Here we are. He often feel asleep around me. He also shared food with me. (But, uh, I never really took him up on it. I think you can guess why.)
Dismantling my jacket:
Reaching over me to get some French Fries.
Here he falls asleep with meet between us. I know some dogs that won't even do that.
Smooching a wolf.
Here he is munching on a treat I gave him. He decided to share it, but I just let him have all of it XD
My baby boy. He was my reason for cleaning up my life. For getting out of trouble. He was my brother, my friend, my bond.
My best friend.
Both of us. Pretending to be asleep. XD
Waking up. Hey, you got any bacon?
Teeth. FYI, my hands are huge. I can stretch across more piano keys than Motzart.
My baby boy.
Now, before you say I raised him from a pup, i did not.
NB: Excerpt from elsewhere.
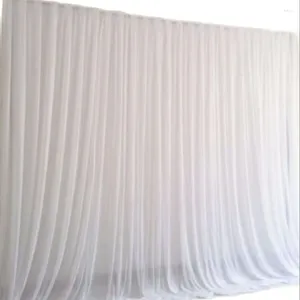 Party Decoration Wedding Stage Backdrops Romantic White Curtain With Purple Swags Sequins Fast Delivery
If you are thinking he was a sweety- he was not. If you think i spent years getting to know him before I could do these things- I did not.
He was separated from his pack because he was vicious. He tore the other wolves up and was too aggressive to remain with them. He would simply end up killing one of them had he of remained.
Only a few people were allowed in with him. He wasn't necessarily human aggressive. But he had no boundaries, and would tear your clothes, or rough you up pretty bad if he felt the unction. We had an agreement. We would wrestle and thrash around, and he'd let me win. Usually. If I was depressed, i got a beating until I was no longer depressed. That... did the trick. I was one of only two people who he allowed to grab him, and pull him off people who were brave enough to enter his enclosure.
He was nearly eight when I first went in with him. In fact, I mostly ignored him because he was the "Wild one". I didn't want to get bit!
He was the only wolf to have bitten me badly. It ripped the muscle in my arm, scarred the bone, and made a cool scar.
And it was entirely my fault.
If you think you can just buy a wolf and it will love you- forget about it. The bond he and I shared was once in a lifetime. A wolf owes you *nothing*, even if you are it's sole means of survival. In it's mind it is always thinking, "Well, I can hunt for food."
It is not like a dog.
But if a wolf sees something in you- and yes- they see far more than most people are comfortable with- that wolf will give it's life for you.
And if you ever leave it, it will stop eating until it withers away.
That bond, I believe, is what happened here between us.
Most of the other wolves loved people anyway, and would shower them with affection and wolf derps.
But what I felt I had with this one went beyond that. I know when I die and see God, Mishomi will be there, too.